Karpenter uses custom resources called NodePools that specify the resources that Karpenter should provision, such as nodes or virtual machines. Whenever an application requires additional resources, Karpenter actively checks the provisioners to see if any new ones need to be created. A provisioner is aware of the constraints affecting the nodes and their attributes. Its job includes:
The node auto-provisioning (NAP) feature in AKS, which is based on Karpenter and has been in public preview since December 2023, aims to reduce the burden of designing node pool configurations before deploying workloads. In addition to consolidation, which is a significant part of NAP, it is responsible for rescheduling workloads to the correct sizes of virtual machines, which reduces the running costs for your applications.
NAP is a new Azure feature based on the Karpenter project and the Azure Kubernetes Service (AKS). NAP determines the optimal VM configuration based on pending pod resource requirements. Note that this feature is still in preview as of writing this article and hasn’t reached general availability yet.
NAP is most useful when workloads become more complex, making resource requests and VM configurations more difficult. NAP automatically deploys, configures, and manages Karpenter on AKS clusters.
Node auto-provisioning offers automatic scaling, updates, and maintenance, reducing operational overhead and integrating seamlessly with cloud-native services. In contrast, self-hosted node management solutions require manual management, providing more control over configurations and greater potential cost savings, but they demand greater expertise, time, and resources to maintain.
In NAP mode, Karpenter is run by AKS as an add-on, closely resembling a managed cluster autoscaler. Most users will benefit from this mode because it removes the overhead and complexity of manual configuration design.
On the other hand, in the self-hosted mode, Karpenter is run as a standalone deployment within a cluster. Self-hosted mode is suitable for advanced users who require more granular customization of Karpenter’s deployment and complete control over the automation of their clusters.
In the following sections we will walk through the processes of enabling NAP for both new and existing AKS clusters, illustrating the practical steps and considerations involved. These tutorials aim to clarify the setup procedures and highlight the benefits and challenges associated with each mode.
To utilize NAP as a managed add-on, you must have the following:
The process is well documented in the official learn.microsoft.com documentation and can be found here with instructions for both Azure CLI and JSON format for ARM templates. A brief guide for the process using the AZ CLI is as follows.

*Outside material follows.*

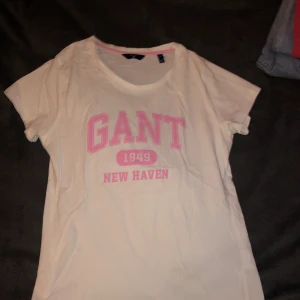 Gant tröja, S - Fin gant tröja i storlek S. Typ aldrig använd så i väldigt fint skick. Paket pris går att fixa vid köp av flera produkter. Köparen står för frakten, finns på fler sidor.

First, install the aks-preview CLI extension, making sure you are on the latest version:
az extension add --name aks-preview
az extension update --name aks-preview
Next, use the az feature register
command to register the NodeAutoProvisioningPreview
feature and verify the registration status. Then refresh the Microsoft.ContainerService provider by running the following commands:
az feature register --namespace "Microsoft.ContainerService" --name "NodeAutoProvisioningPreview"

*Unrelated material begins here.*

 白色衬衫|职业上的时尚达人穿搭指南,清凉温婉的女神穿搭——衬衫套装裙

az feature show --namespace "Microsoft.ContainerService" --name "NodeAutoProvisioningPreview"
az provider register --namespace Microsoft.ContainerService
You should be aware that the registration process for the NodeAutoProvisioningPreview feature might take a few minutes.

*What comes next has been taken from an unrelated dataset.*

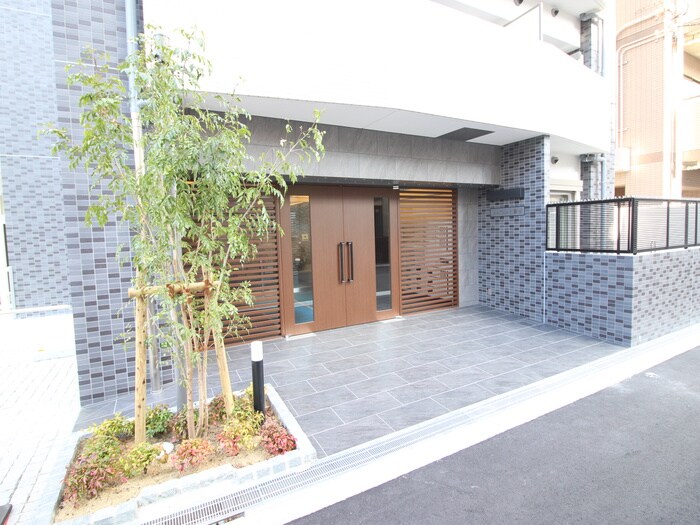 物件外観写真3　(エントランス部分)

After successfully installing the extension, registering the feature, and refreshing the container service provider, you can enable auto-provisioning on a new or existing AKS cluster.
Enabling NAP on a new cluster is as simple as defining the correct network plugin mode and dataplane arguments and setting NAP to auto. To do so, execute the AZ CLI command for the creation of a new cluster with the following arguments:
az aks create \
--name a_name_of_your_choice \
--resource-group the_resource_group_where_the_cluster_belongs_to \
--node-provisioning-mode Auto \
--network-plugin azure \
--network-plugin-mode overlay \
--network-dataplane cilium \
--generate-ssh-keys
This will create a new cluster with the node-provisioning-mode
enabled and set to auto.
Enabling NAP on existing clusters has been a long-anticipated improvement since node auto-provisioning became available in AKS.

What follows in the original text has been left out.